Canon G1XM3 – Lumix LX100M2 – Nikon Z50. There is a good amateur’s camera there if I could cherry pick items from each. I’d like the Lumix controls and processing with the Canon’s colour and dynamic range and the Nikons EVF and focus.

Manufacturers could build that camera if they chose to. They could have had computational photography in cameras. They claim it’s not possible same as saying they cannot connect a camera direct to net, something even a fridge does.

The biggest electronics chain in Japan has stopped selling cameras in all it’s stores. The end of an era. I’d love to see a compelling new amateurs camera but I think game is up and the market will continue to shrink to just professional models sold in specialty stores.

I sold the Z50. It helped pass some time during the 2nd year of Covid and with a great residual I got most of my money back. A good learning with a positive ending.

2 Comments

  1. In early 2020 I moved from my battered old Nikon D3200 with some cheap – but good for me – plasticky lenses, to a Fujifilm X-T200 with a weather sealed 23mm prime (35mm equiv) and a weather sealed 16-80 used lens.
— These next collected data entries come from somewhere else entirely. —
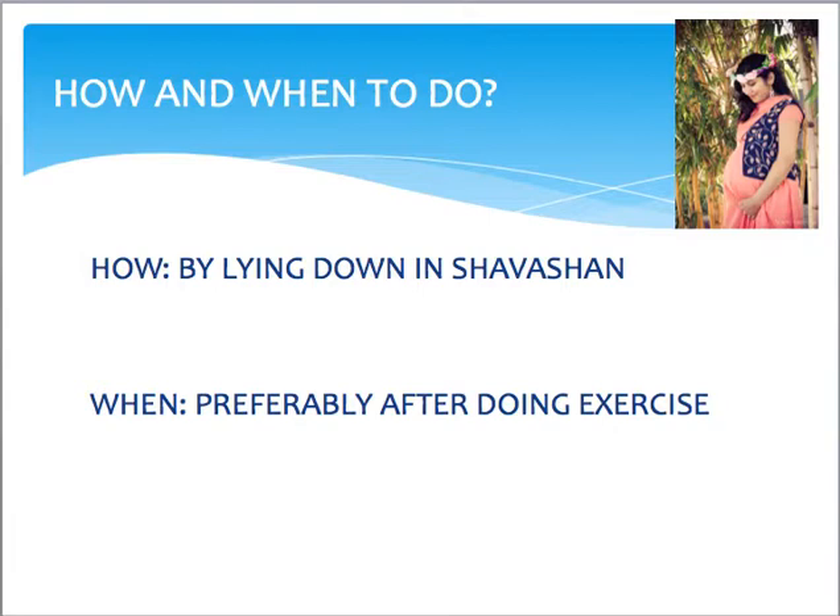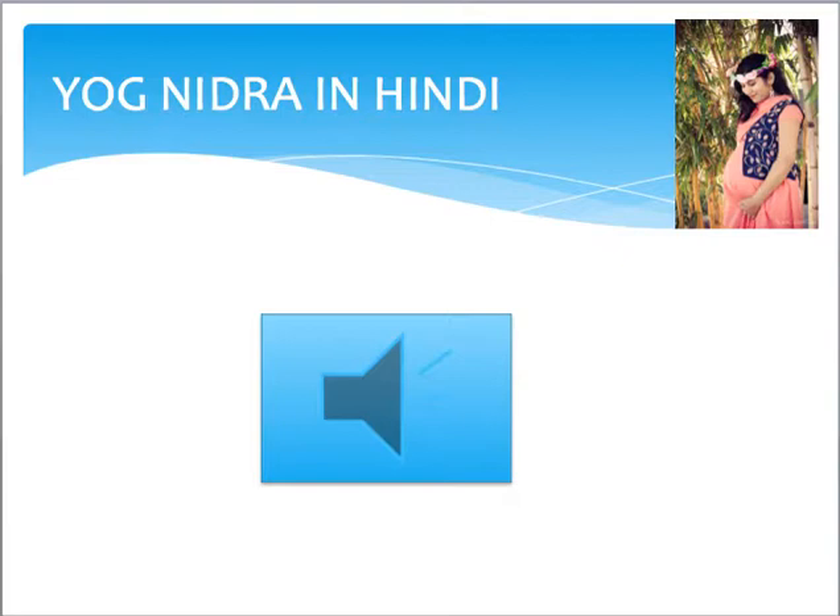Now how to do it and when to do it? You have to do it by lying down in a Shavasana pose — lying on your back, face towards the ceiling, palms facing up in a relaxing position. Do it preferably after exercise. If you are pregnant and in your last trimester and it is difficult to lie down in Shavasana, please be seated in a relaxing armchair or any comfortable position. Make sure you follow the instructions properly and you don't sleep during the Yoga Nidra procedure. Even though it is a relaxing technique, you do not go into deep sleep.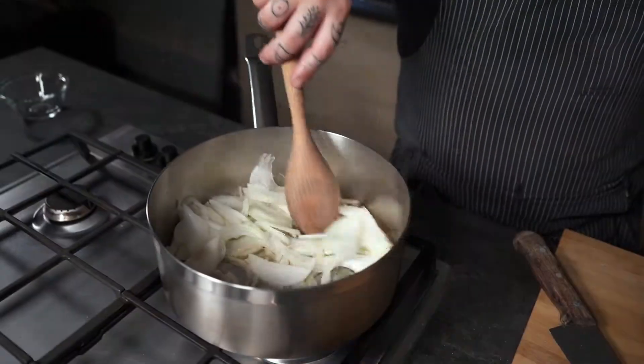Now the reason why I'm adding salt to the onions is because I want them to sweat, and by doing that they're just gonna be prevented from sticking and burning. Now give it a good mix.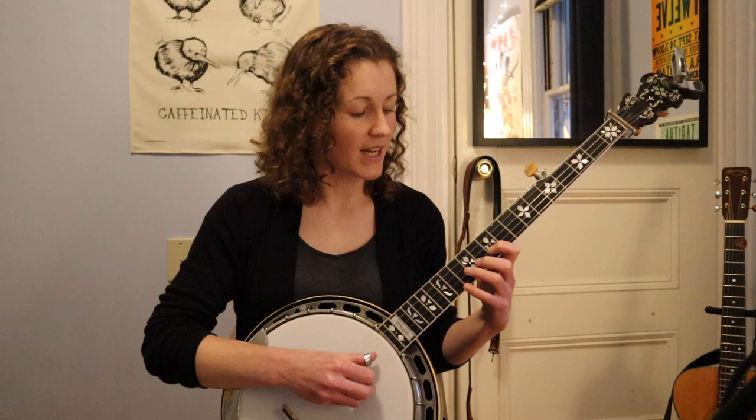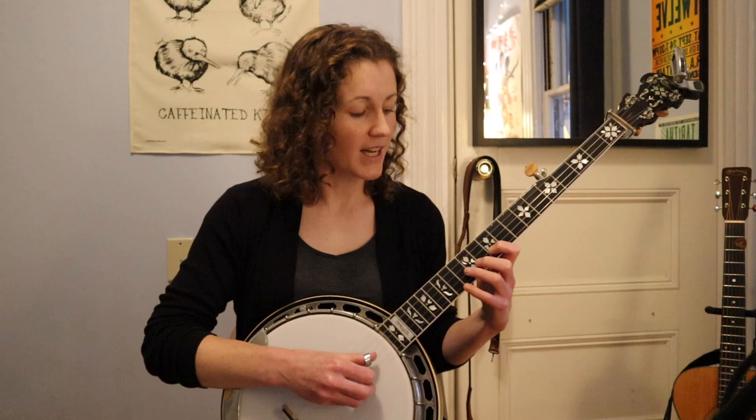This first one starts on the second string and then has two notes on the first string. The next one up, a minor, starts on the second string with two notes — A and C — and then up to the E on the first string.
So far I find the quality to be excellent, and the camera is smaller and fits on the bike better than the Nikon did. The X-T200 itself is a bit plastic but doesn’t feel delicate.
    I did look at the Z50, but it looked like Nikon were committed to crop sensors, and I didn’t want to use a converter on my battered F lenses, so I sold up at Nakano Fujiya and traded across.
    Other cameras I use on the bike are a Sony RX100 Mk1 I bought used for 10,000yen a couple of years ago which is excellent but has Sony’s silly UI decisions, my smartphone, and sometimes a GoPro 7.

    • The Sony RX100 series perhaps would have been a good choice for me. I find my iPhone 12 Max can capture a pretty good photo and I may not buy another camera.